Though Brill is quick to point out he or she is a “proponent” of the creation of bitcoin ETFs and pro-bitcoin regulation more broadly, the prognosis will not bode well for the success. In conversation with CoinDesk, Brill explained that he believes factors such as China’s effect on the buying price of investing in bitcoin make an approval unlikely.
Specifically, he stated that “It seems unlikely, among all of the other reasons, that this commission is going to would like to advance with a product where the major trading is done upon an exchanges that will not be following our AML guidelines.” To put it differently, China’s domination of bitcoin trading – as much as 98% of recent bitcoin transactions occurred in China – would likely force the SEC to deny some of the bitcoin ETF applications.
Blame China: “a career lawyer for 20 years, Brill worked at Thompson Financial from 2003 through 2010, whenever it acquired Reuters. Just before departing Gemini a year ago, Brill worked since the The Big Apple-based exchange’s general council, where he was quoted saying he helped make the legal infrastructure of your exchange and craft a variety of responses to amendments to its S1 filing.”
Though Brill does feel that a bitcoin ETF will eventually be permitted to perform business over a major stock exchange, he was quoted saying the SEC will be unlikely to achieve this while around 95% of most bitcoin transactions are carried out in China.
That, in conjunction with the China government’s recent crackdown on cryptocurrency exchanges and anti-money laundering practices, makes for a much not as likely approval, he said.
“It’s more that this overwhelming most of trading will not be being carried out in the united states, and being done within an area the location where the rules and regulations are not consistent with all the rules here,” said Brill.
As outlined by Brill, one of several big hopes for more acceptance and growth of bitcoin is the one and only Donald Trump.
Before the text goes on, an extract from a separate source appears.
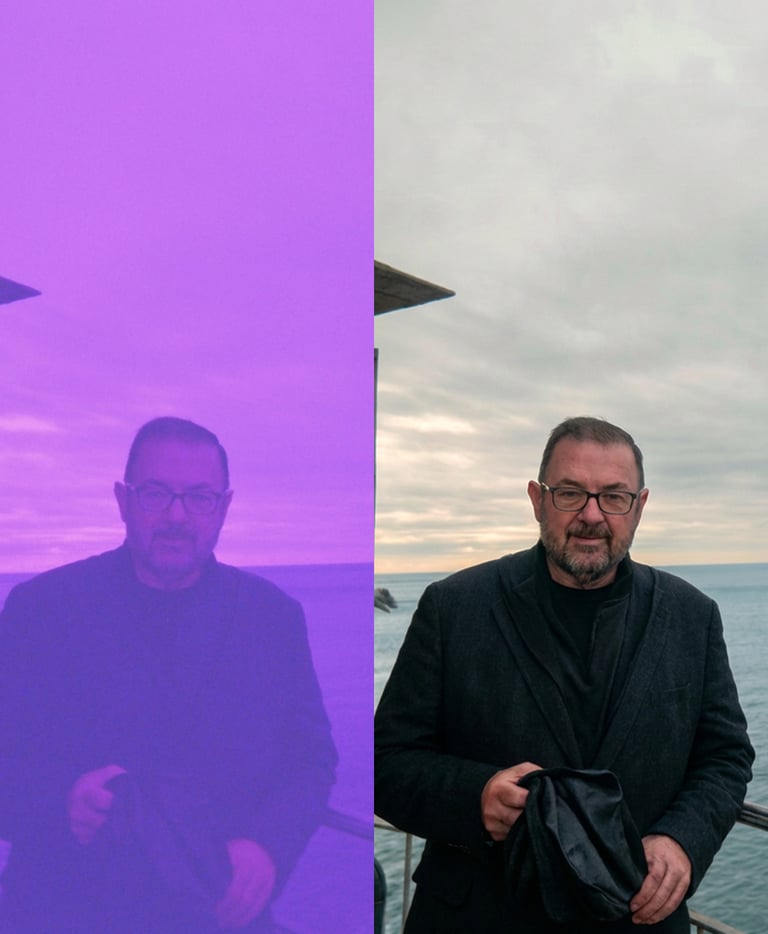 Side-by-side comparison of a man by the sea with a purple color cast filter and a natural edit.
Speaking shortly before Donald Trump’s inauguration as President, Brill said he or she is “cautiously optimistic in regards to a more promising environment for bitcoin companies down the road.”
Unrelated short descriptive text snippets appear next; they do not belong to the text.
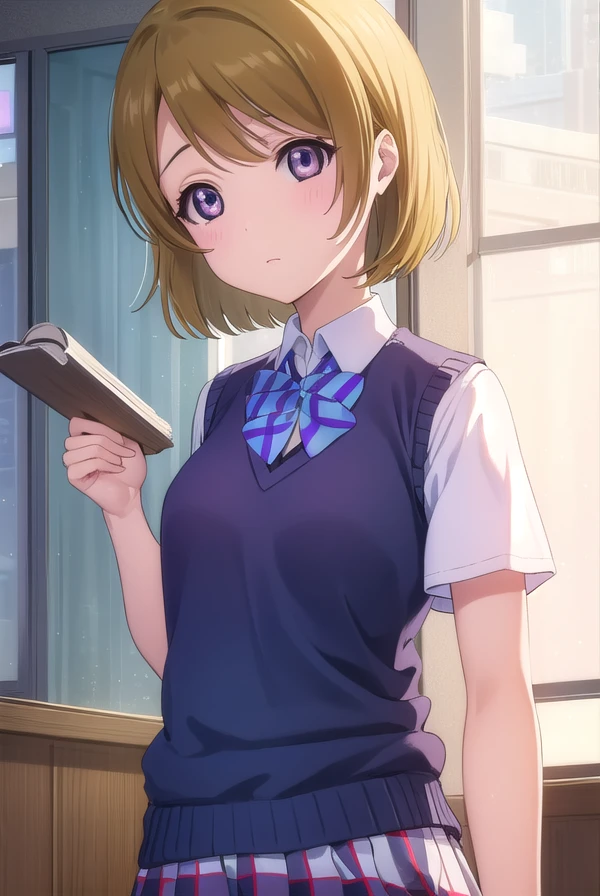 hanayokoizumi, <lora:hanayo koizumi s1-lora-nochekaiser:1>,
hanayo koizumi, short hair, brown hair, (purple eyes:1.1),
BREAK skirt, bow, school uniform, socks, plaid, kneehighs, plaid skirt, sweater vest, summer uniform, otonokizaka school uniform,
BREAK indoors, classroom,
BREAK looking at viewer, (cowboy shot:1.5),
BREAK <lyco:GoodHands-beta2:1>, (masterpiece:1.2), best quality, high resolution, unity 8k wallpaper, (illustration:0.8), (beautiful detailed eyes:1.6), extremely detailed face, perfect lighting, extremely detailed CG, (perfect hands, perfect anatomy),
Coming from a strictly local business perspective, he predicted Trump would likely require a pro-bitcoin stance. However, considering concerns in regards to a possible “trade war” with China following Trump’s expected policies, Brill said the predominance of bitcoin trading from the nation can be quite a hindrance. He concluded: “I would like to try to view what approaches might work so it will be easier for bitcoin companies to expand across the US. Because right now, it is rather difficult because every state has something different which they want.”
Ultimately, bitcoin investors might have to make do without smartbitcoininvestments for some time, especially if as some suspect, not merely Chinese traders, but local HFTs have got over trading of your extremely volatile product. Still, that could be a very good thing: neglecting to get ETF approval will surely keep bitcoin extremely volatile, and this is why it has become the darling asset of your subset of traders starved for volatility within a world where central banks have eliminated virtually any daily gyrations from the equity class. As such, we may expect bitcoin vol to simply grow, not decline, at the same time making the attainment of the bitcoin “holy grail” much more improbable.